Wednesday, March 28, 2007

Cross country for cross-media (5)

It was for the first time that CMID07 was held. And as observed before, the majority of the participants were involved in interaction design. They experienced cross-media as a new area of research. Given this situation it is not uncommon that there was a search for common ground. Liam Bannon had explored the terrain. I had looked from the media angle. Christy had approached the subject of cross-media with a view of a chain. Monique de Haas took the route from the audience.

Monique starts from human/interactive angle and has done so for a longer time as is clear from her paper in 2005. In the CMDI07 presentation she puts it: humans are the central starting point and driving forces for cross-media communication. If we want to design interesting cross-media formats, we need to get a better understanding of what people do and want from media in certain contexts, at specific times. So, in a specific context, what is their media usage, and what is their mode of reception or interaction (laid back, lean forward, on the move, -inter-active) and how does this differ, at which specific point in time of the day.

Monique is now actively working on touchpoint analyses to investigate and report typical everyday behaviour. This will give better insight in the context. She is of the opinion that cross-media enable and empower people to tell their stories anytime, anywhere and gain the interest/critical mass that every story deserves.

She stresses that we need to get grip on what is relevant in a certain context at a certain moment in time. Technology that supports social behaviour and enhances social strength has the best chance of being adopted. Looking at a model for getting to grips with behaviour in social networks, requires thinking about social currency in these networks. This may better enable conversion of social interaction into economic value. Cross-media projects need cross-over business modelling. Getting your audience hooked in the story is still the key to get the message across. Story will be dissected to smallest narrative units to flow over media channels inviting people to follow and interact with the story across the channels.
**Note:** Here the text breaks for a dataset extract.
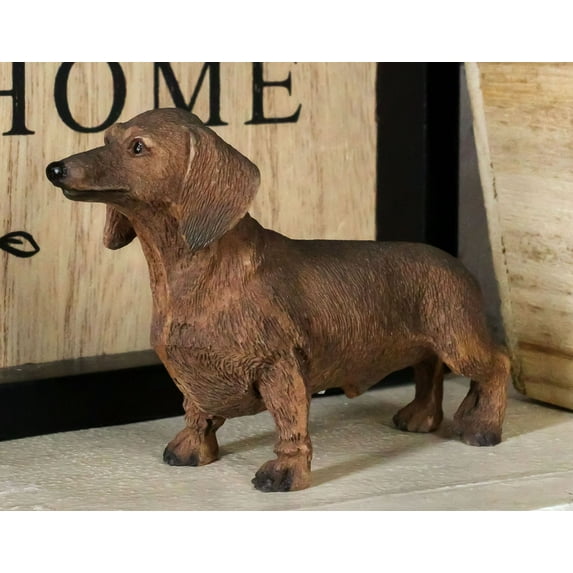 Adorable Lifelike Pet Pal Chocolate Dachshund Sausage Dog Miniature Figurine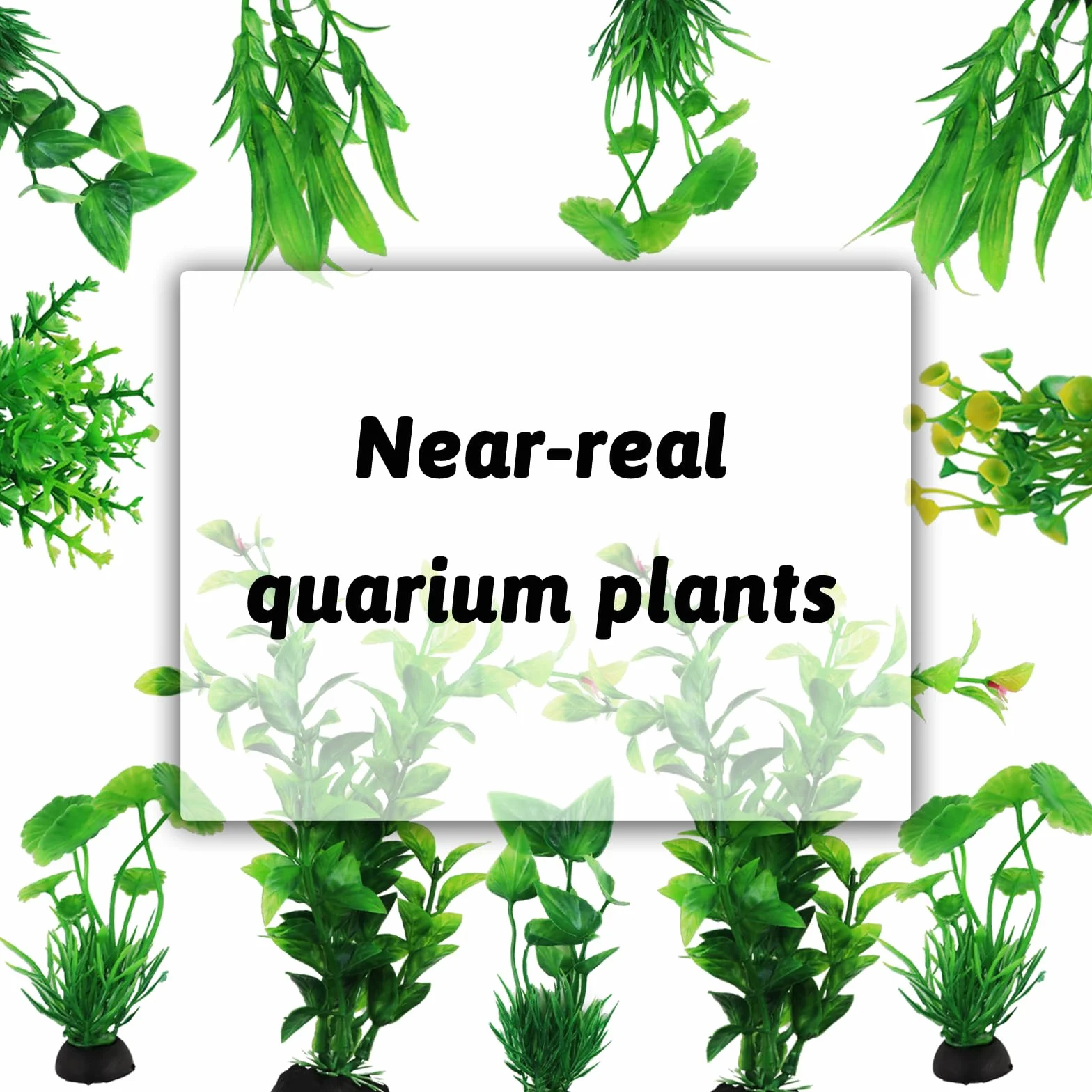 QUOZUO Decorazioni per Acquario, 10 verdi Piante Artificiali Acquario Ornamenti kit, Pianta decorazione in plastica, Accessori per Acquario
It is clear that media value chains are changing fast. Cross-overs are made, new levels of interaction emerge, which strengthen social behaviour. Collective intelligence or crowd sourcing is emerging as away of cooperating and co-creating in social networks. We need a better understanding of the forces that drive human behaviour on these levels of interaction.

The remarks of Monique de Haas at CMID07 have set me thinking about the communication science theory. This model basically works with a model of sender, a channel and receiver. But in the digital media the receiver is no longer passive; he/she will be able to react to the message sent. The model of channel weaving regardless of the presence of meaning can be dispended with. Another model is in the making, but does not have a clear shape yet.